:: What you are asked to do ::
Quote the listing below in full and exactly as written, but omit every picture.

:: Input material ::

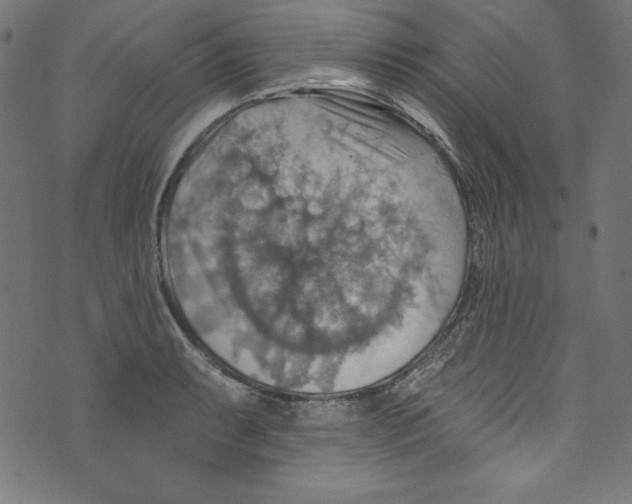 X0000072971087200608211316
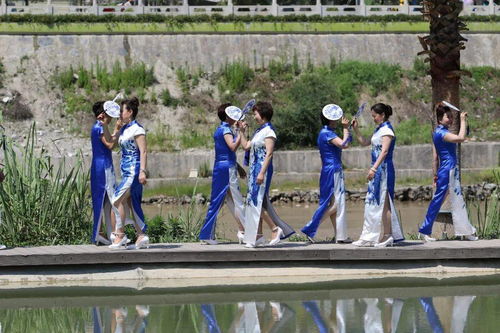 沿着高速看中国陇南 直播陇南 央视 沿着高速看中国 来了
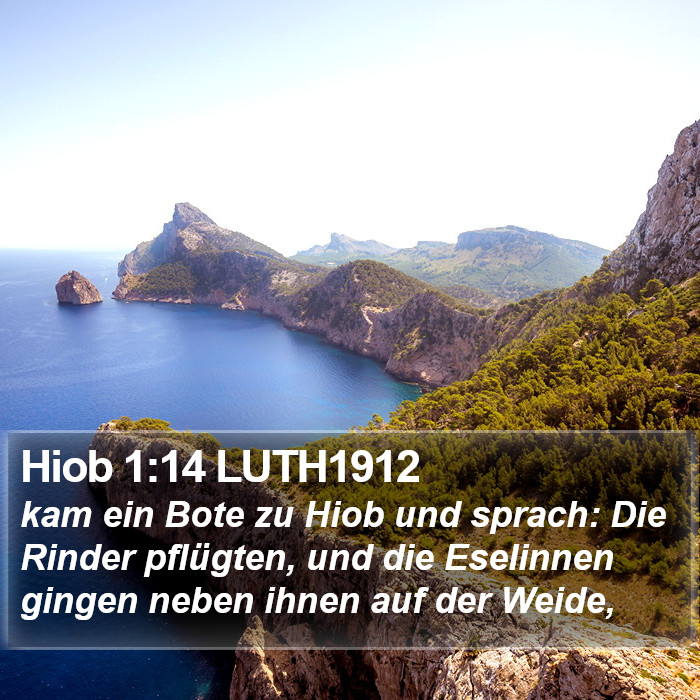 Hiob 1:14 LUTH1912 Bible Study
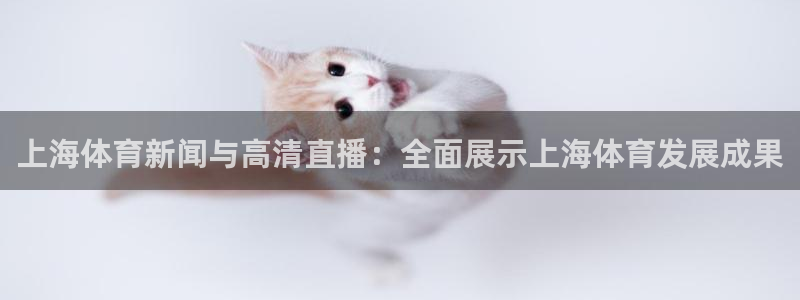 上海体育新闻与高清直播：全面展示上海体育发展成果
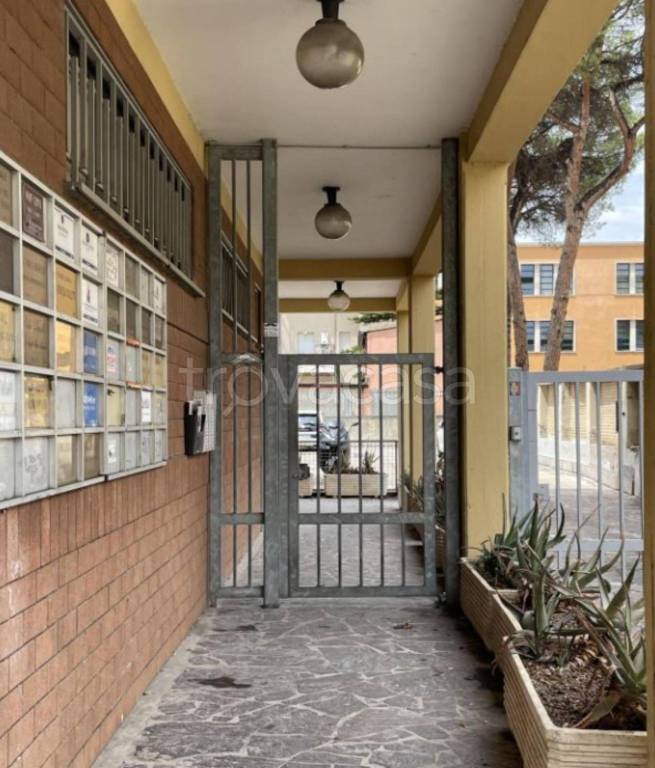 immagine annuncio 9 di 11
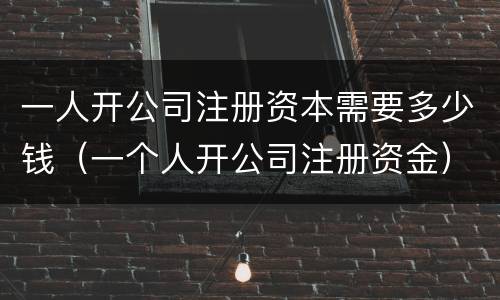 一人开公司注册资本需要多少钱（一个人开公司注册资金）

:: Written solution ::
 X0000072971087200608211316
 沿着高速看中国陇南 直播陇南 央视 沿着高速看中国 来了
 Hiob 1:14 LUTH1912 Bible Study
 上海体育新闻与高清直播：全面展示上海体育发展成果
 immagine annuncio 9 di 11
 一人开公司注册资本需要多少钱（一个人开公司注册资金）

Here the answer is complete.